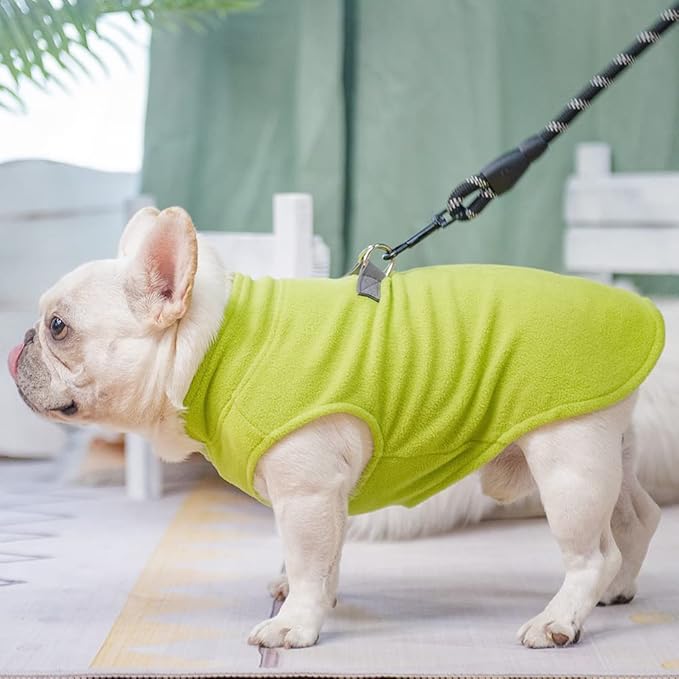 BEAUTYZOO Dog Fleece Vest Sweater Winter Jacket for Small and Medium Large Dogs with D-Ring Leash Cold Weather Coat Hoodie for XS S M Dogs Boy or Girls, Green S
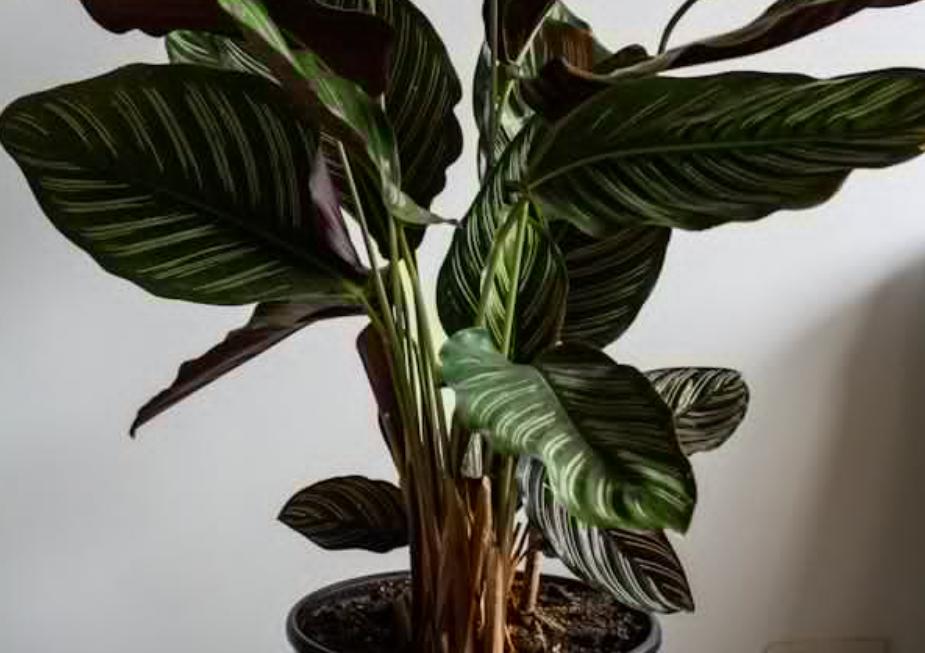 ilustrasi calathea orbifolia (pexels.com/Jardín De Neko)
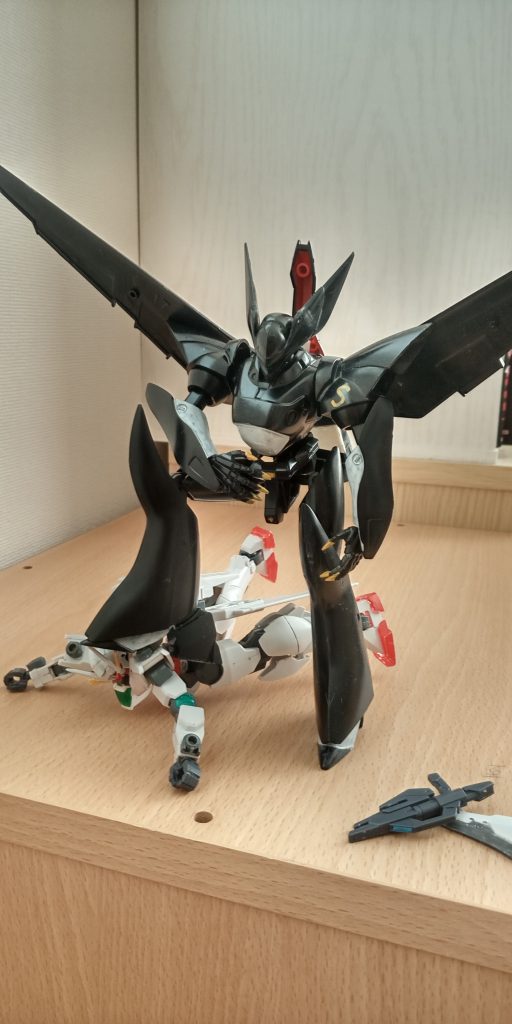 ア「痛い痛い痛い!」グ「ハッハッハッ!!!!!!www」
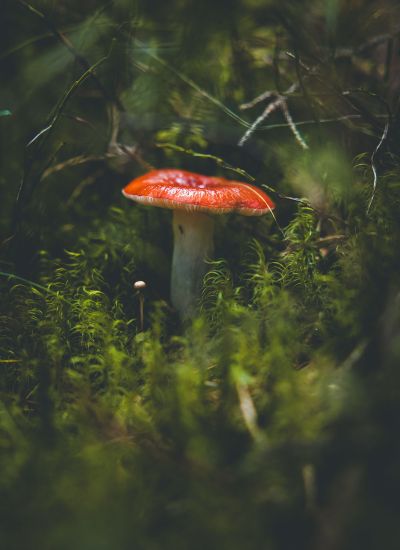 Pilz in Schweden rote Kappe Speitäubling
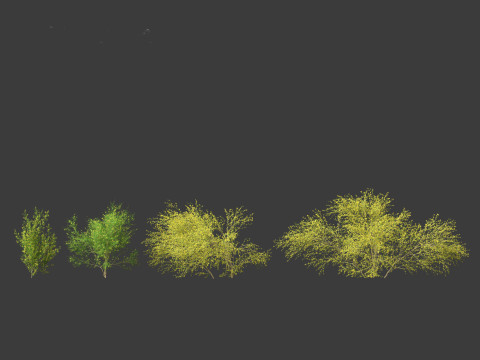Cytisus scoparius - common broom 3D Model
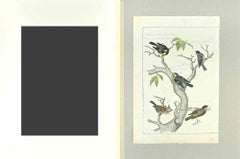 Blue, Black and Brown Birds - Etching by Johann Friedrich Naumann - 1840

WHAT YOU HAVE TO DO: Give back the listing exactly, with the pictures removed.

ANSWER TO THE EXERCISE:
 BEAUTYZOO Dog Fleece Vest Sweater Winter Jacket for Small and Medium Large Dogs with D-Ring Leash Cold Weather Coat Hoodie for XS S M Dogs Boy or Girls, Green S
 ilustrasi calathea orbifolia (pexels.com/Jardín De Neko)
 ア「痛い痛い痛い!」グ「ハッハッハッ!!!!!!www」
 Pilz in Schweden rote Kappe Speitäubling
Cytisus scoparius - common broom 3D Model
 Blue, Black and Brown Birds - Etching by Johann Friedrich Naumann - 1840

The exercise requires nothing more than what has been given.